I divide my time about equally between GeneSpring GX 11 from Agilent and BioConductor (free, from awesome people) for microarray analysis. The latter for all the neat tools that GeneSpring doesn’t have, the former because sometimes it is nice to lead a researcher visually through their data, without having to type into a green on black terminal window.
GeneSpring GX 11 is the third iteration after Agilent bought up Silicon Genetics, then decided to throw the unwieldy, quirky, but very functional GeneSpring product in the trash and start again with something built on Strand Life Sciences AVADIS platform. We’ve been through versions 9, 10 and now we’re on 11. There’s been plenty of bugs on the way, the most serious (to me) being the one where GeneSpring 10 managed to miscall the quality flags on Illumina data in 50% of the cases. Not good, but at least fixed.

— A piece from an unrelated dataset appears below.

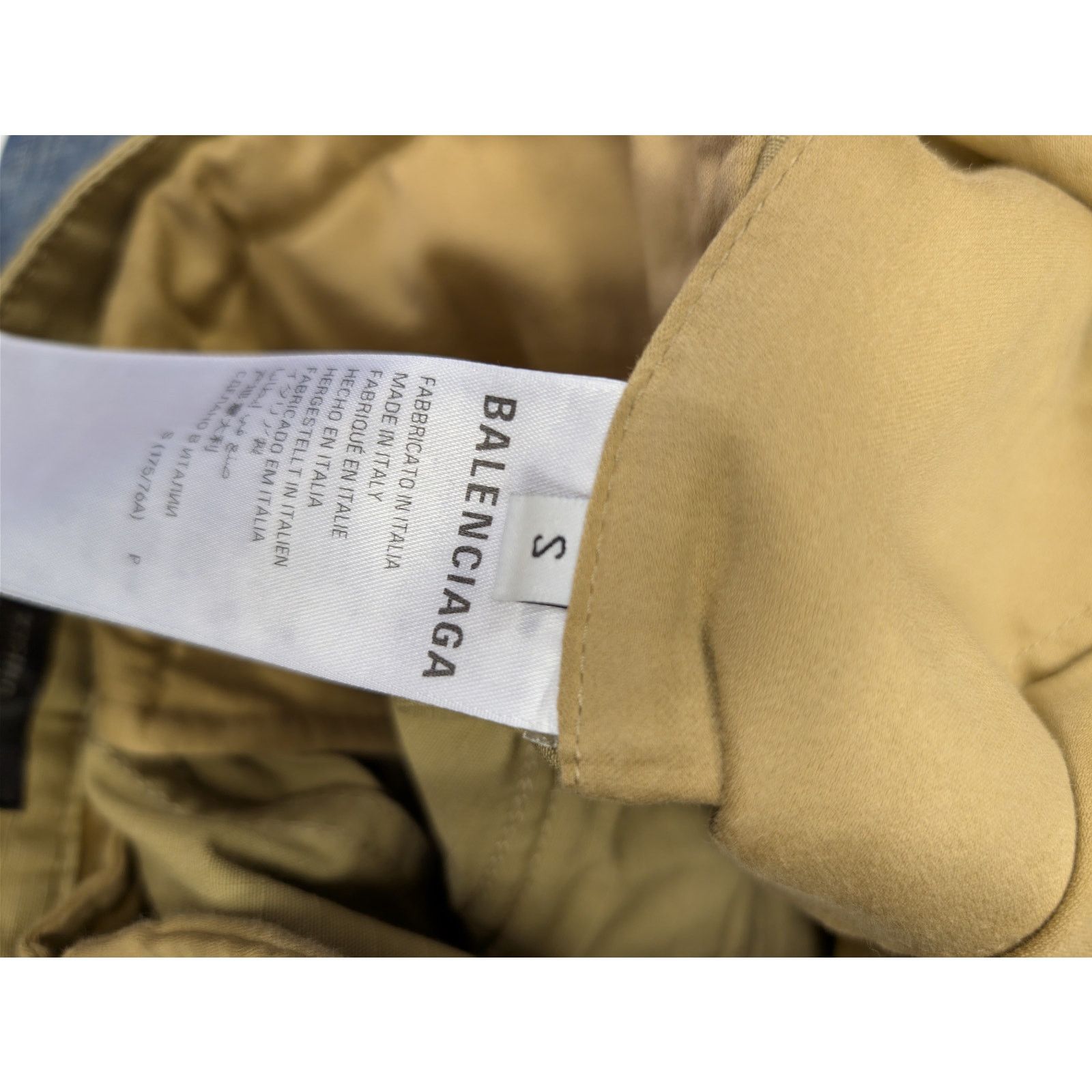 Balenciaga o1rshd1 Cotton Ripstop Patched Cargo Pants in Beige Size US 30 / EU 46 - 16 Thumbnail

Many people have been griping on mailing lists about functionality missing in the new GeneSpring that existed in the old version. I always think it’s a matter of familiarity with the software really. I hadn’t really come across anything I couldn’t do in GeneSpring 11 that I could do in GeneSpring 7. That was until yesterday.
I sat down with a customer yesterday to look at some microbial Nimblegen data. GeneSpring doesn’t really deal with Nimblegen data very well, you are left with the choice of not analysing it in GeneSpring, or accepting there’s going to be a bit of fudging and some extra annotation steps in order to make the data useable as a ‘Custom technology’. The customer, quite reasonably, asked if we could get the biological genome information (effectively gene annotations that are independent of the chip technology you’re using) loaded into GeneSpring. And thus started a morning of fun and games.
GeneSpring 11 has a very handy import feature for biological genomes under Annotations>Create Biological Genome. That is providing you want to choose one of their predefined organisms to download the information from NCBI. There is *NO* route in the software to add another organism to this list, or do anything than use one of their check box limited organisms. This is not a bug apparently, because in a separate part of the software (dealing with Pathways for an organism) you can pull this information directly from NCBI using the Taxon ID of the organism you’re interested in. So why can’t you use it to download a biological genome? Who knows…
One of the things I really liked about the old GeneSpring was the fact that it came with a manual a foot thick. It told you how to do every single operation in the UI, it didn’t tell you anything about the order in which to apply them, but you could generally rely on it for an answer. There was no such answer to this issue in the GeneSpring manual..
It transpires that if you really want to do this, the following, slightly insane process needs to take place:
1) Take this snippet of XMLishness:
<hexff version="1.0"> type plugin.product.TaxID id TaxID data Homo sapiens9606 Mus musculus10090 Rattus norvegicus10116 Anopheles gambiae7165 Arabidopsis thaliana3702 Bacillus subtilis1423 Bos taurus9913 Caenorhabditis elegans6239 Canis lupus familiaris9615 Citrus sinensis2711 Danio rerio7955 Drosophila melanogaster7227 Equus caballus9796 Escherichia coli562 Felis catus9685 Gallus gallus9031 Glycine max3847 Gossypium hirsutum3635 Hordeum vulgare4513 Macaca mulatta9544 Magnaporthe grisea148305 Medicago sativa3879 Medicago truncatula3880 Nicotiana tabacum4097 Oryctolagus cuniculus9986 Oryza sativa4530 Ovis aries9940 Pan troglodytes9598 Plasmodium falciparum5833 Pongo abelii9601 Poplar mosaic virus12166 Populus sp.3697 Pseudomonas aeruginosa287 Saccharomyces cerevisiae4932 Saccharum officinarum4547 Salmo salar8030 Schizosaccharomyces pombe4896 Staphylococcus aureus1280 Sus scrofa9823 Takifugu rubripes31033 Lycopersicon esculentum4081 Triticum aestivum4565 Vitis vinifera29760 Xenopus laevis8355 Xenopus tropicalis8364 Zea mays 4577 </hexff>
2) Add an entry
<key>Your organism name</key><string>NCBI Taxon ID</string>
after the Zea mays line
3) In your GeneSpring directory under this tree:
Create a folder called ‘plugins’ and save the edited XML above as a file called TaxID.plg
4) Restart GeneSpring and proceed to update your newly added Biological genome, which now appears in the list!
Actually, I have to say, I’m not sure I ever want to see that in a manual of a piece of software as expensive as GeneSpring… And besides this still doesn’t work for me as advertised because GeneSpring, whilst aware of what an HTTP proxy might conceivably be, has no concept of what an FTP proxy might be – which is problematic when you need to connect to ftp.ncbi.nlm.nih.gov. Brilliant!